だが今回は、事前に予測できたこともあり、王都より、応援を呼びスタンピートに備えて多くの人員を配置した。
魔導士も多く、魔法障壁をいつもよりも強固に保てた。
事前に待ち伏せをして、魔物を分散して戦えた。
防壁の前にも魔法で土壁などを作り、魔物をあらかじめ戦いやすいように誘導しながら戦った。
その結果……
「予測することができれば、スタンピートとは、これほどあっさりと対処することができるのか……」
重傷者はもちろんのこと、防壁などの損傷も何もなく魔物を倒すことが出来た。
「閣下、すぐに王都に報告を」
ジルに言われてうなずいた。
「ああ、そうだな」
少し前まで報告書を作るだけで一週間はかかっていた。
必要事項を記載するために細かなことを報告する必要がある。
だが……
『ああ、これはですね。どのくらいの予算を用意するべきなのかの判断に使うのです』
『ここ細かいと思いますよね、でも、ここがわかれば、職人への依頼や、今後の対応策も立てられます。大変だし、地味ですが、しっかり調べればそれだけ適正な援助ができるので、後が楽になります』
ライラさんは、書類を作るときになぜ必要なのか、どう使われるのかを詳しく教えてくれた。

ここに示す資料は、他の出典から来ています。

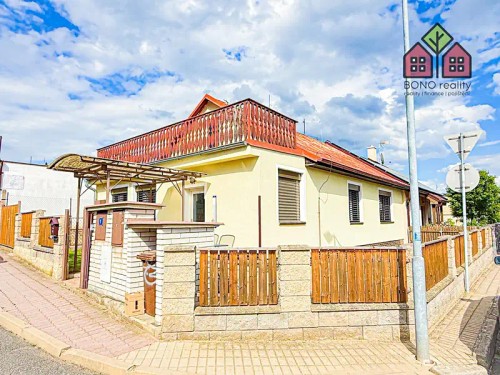 Prodej domu 105 m², pozemek 208 m²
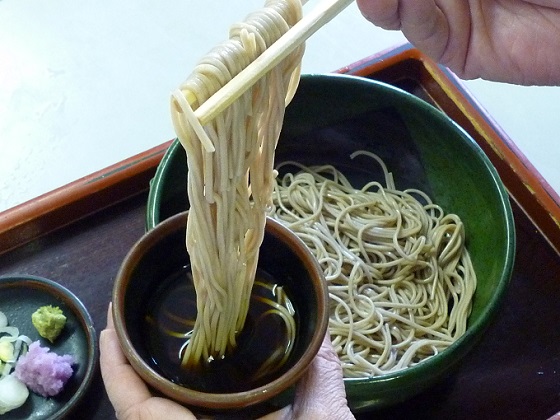 信州そば（乾麺）　15束入　お徳用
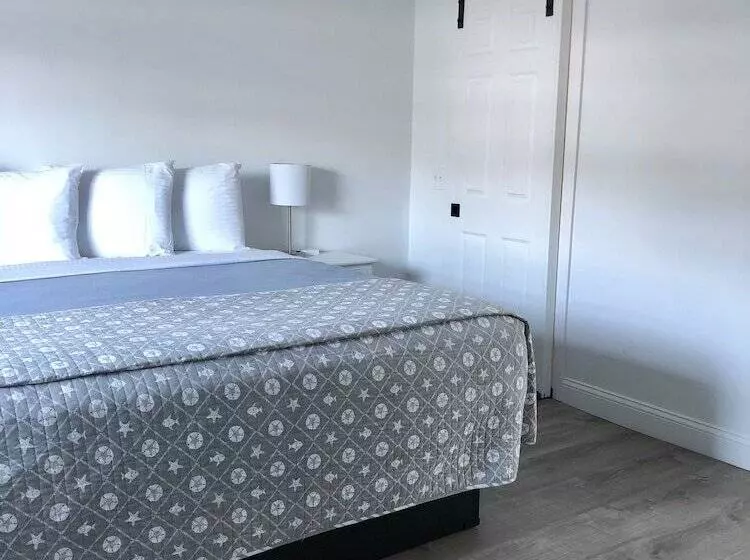 Hotelli Kingfisher Oceanside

自分の作った書類で辺境伯に利益がもたらされるというのなら、しっかりと書く必要がある。
それに何を書かなければならないのか、今は知っているので、意識しながらメモも取っていた。
「あれ? 全然嫌な顔されませんねぇ~~」
ジルが私の顔をのぞきこみながら言った。
だから私は笑いながら答えた。
「今は、嫌なことじゃない」
「へぇ~~人って変わるんですねぇ~~」
ジルに言われて考えた。
確かに変わった自覚がある。
「そうかもしれないな」
「うわ~~すっごい目尻下がってますよ~~絶対ライラちゃんのこと考えていたでしょう?? は~~ごちそうさまです」
そして私は書類をまとめるために執務室に向かった。
(ライラさん、ありがとうございます。おかげでみんな無事でした)
心の中でお礼を言うと、ライラさんが笑った気がして、気が付けば私も小さく笑っていた。